**** Source material

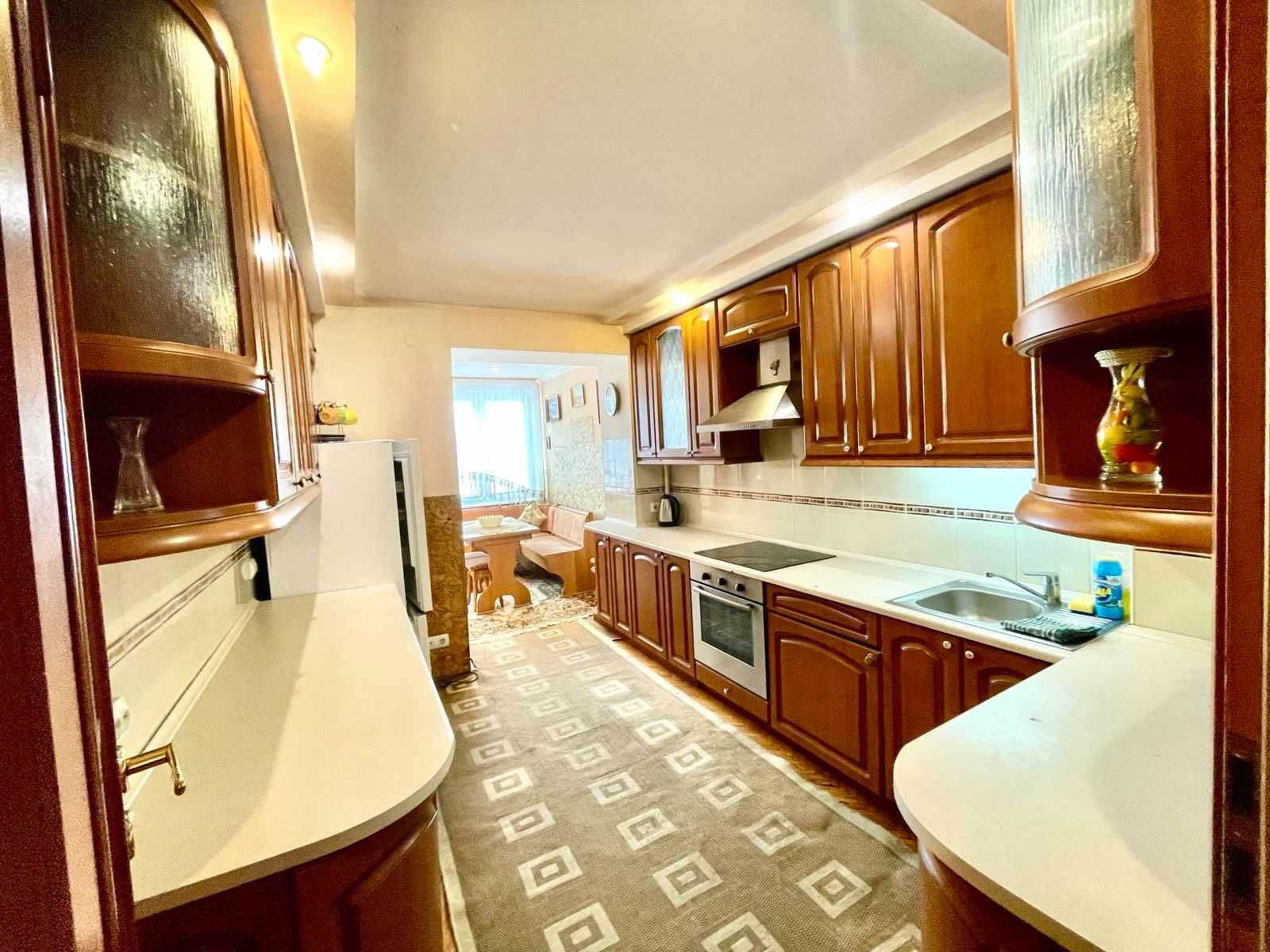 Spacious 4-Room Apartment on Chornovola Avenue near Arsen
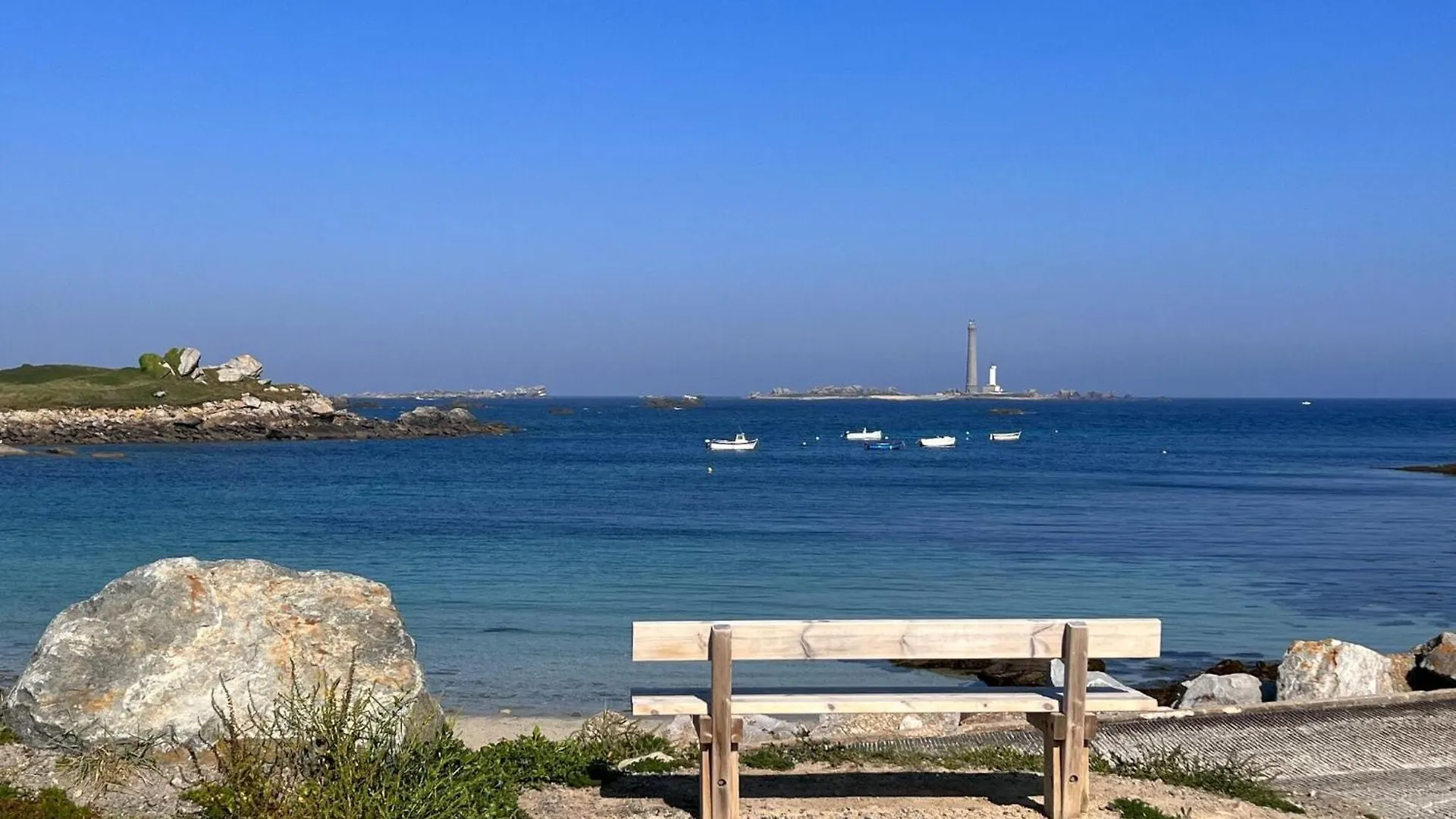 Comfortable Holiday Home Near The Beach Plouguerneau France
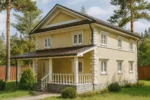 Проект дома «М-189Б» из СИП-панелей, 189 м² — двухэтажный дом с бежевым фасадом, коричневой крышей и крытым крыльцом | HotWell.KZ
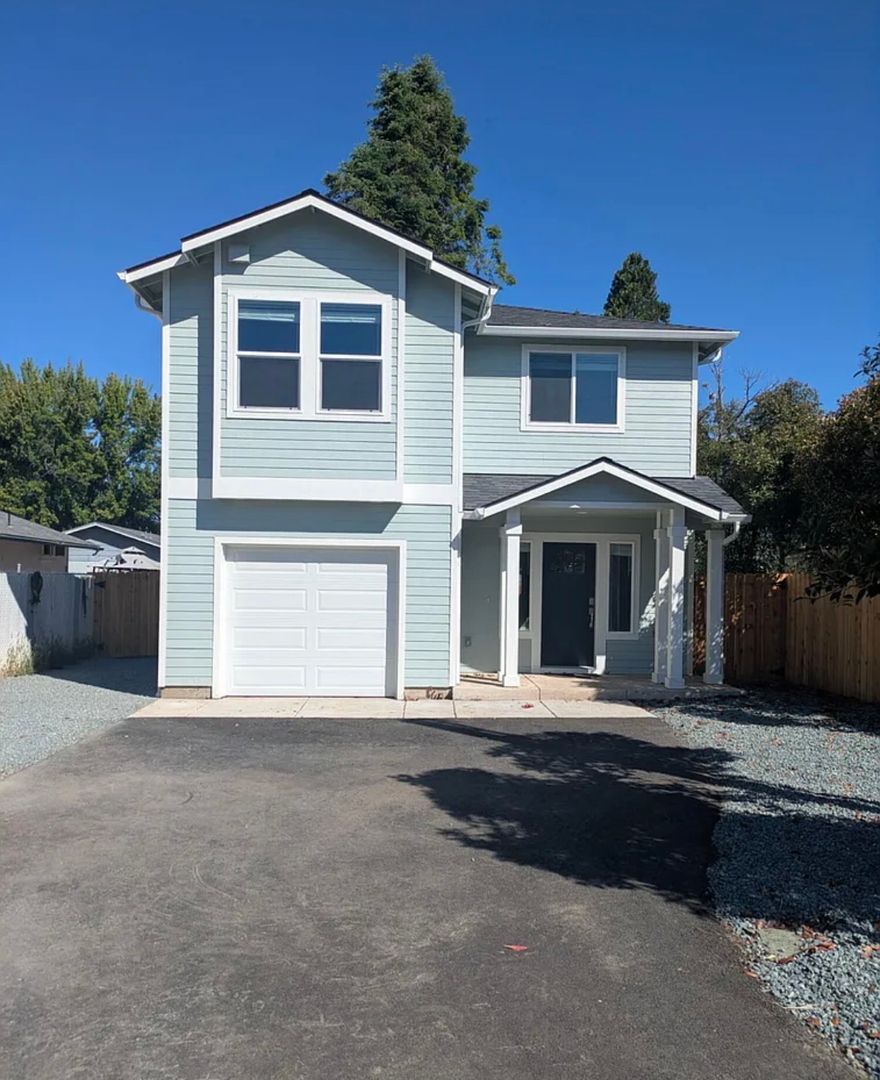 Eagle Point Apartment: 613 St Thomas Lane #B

********

## Exercise
Please print everything in the material exactly, apart from the pictures.

## Expected answer
 Spacious 4-Room Apartment on Chornovola Avenue near Arsen
 Comfortable Holiday Home Near The Beach Plouguerneau France
 Проект дома «М-189Б» из СИП-панелей, 189 м² — двухэтажный дом с бежевым фасадом, коричневой крышей и крытым крыльцом | HotWell.KZ
 Eagle Point Apartment: 613 St Thomas Lane #B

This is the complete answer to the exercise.